Not in test dir. Thank you , my code is a bit long...

BachiLi commented 5 years ago

I am missing the MorphableModel module. Where do I get it?

lonelywm commented 5 years ago

I have uploaded all my code and data to github: https://github.com/lonelywm/face3d-model

lonelywm commented 5 years ago

I think I have got the reason, which is on the vertex normal, after I del all the "mesh.normals = pyredner.compute_vertex_normal(mesh.vertices, mesh.indices)", the err disappeared.

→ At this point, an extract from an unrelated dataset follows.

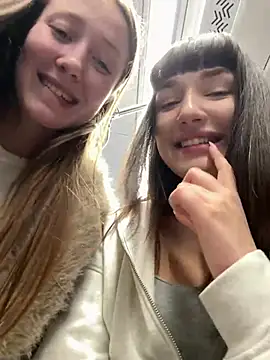 Sophie Avory online show from 5, 3, 2025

BachiLi commented 5 years ago

Still looking into this but quick comment:

    target = pyredner.imread('results/test_single_triangle/target.png')
    input = target.view(1, 3, 128, 128).cuda()

This is incorrect -- pyredner.imread returns an array with shape (height, width, channel). You need to use torch.permute to get the NCHW format used by pytorch.

Also I'm getting

ValueError: Unknown mat file type, version 50, 55

when reading from BFM.mat

BachiLi commented 5 years ago

Ok it seems that I'll need to run the generation script at https://github.com/YadiraF/face3d/tree/master/examples/Data/BFM Let me download matlab first...

BachiLi commented 5 years ago

I have to clear up space in harddisk for matlab installation. This will take long.

BachiLi commented 5 years ago

I think the problem is that the optimization generates invalid vertices/normals after some iterations. In particular if you have degenerate triangles in the mesh compute_vertex_normal would generate 0/0. I'll fix compute_vertex_normal. In general we need better error messages.

BachiLi commented 5 years ago

I think I fix this in the latest commit. Let me know if this fixes your issue.

lonelywm commented 5 years ago

I'm sorry to take up so much of your time. My problem has indeed been solved. The system now works very well, and it can fit the simple 3dmm.

BachiLi commented 5 years ago

No problem, I was just ranting. Thanks for reporting and feel free to reopen the issue if the problem occurs again.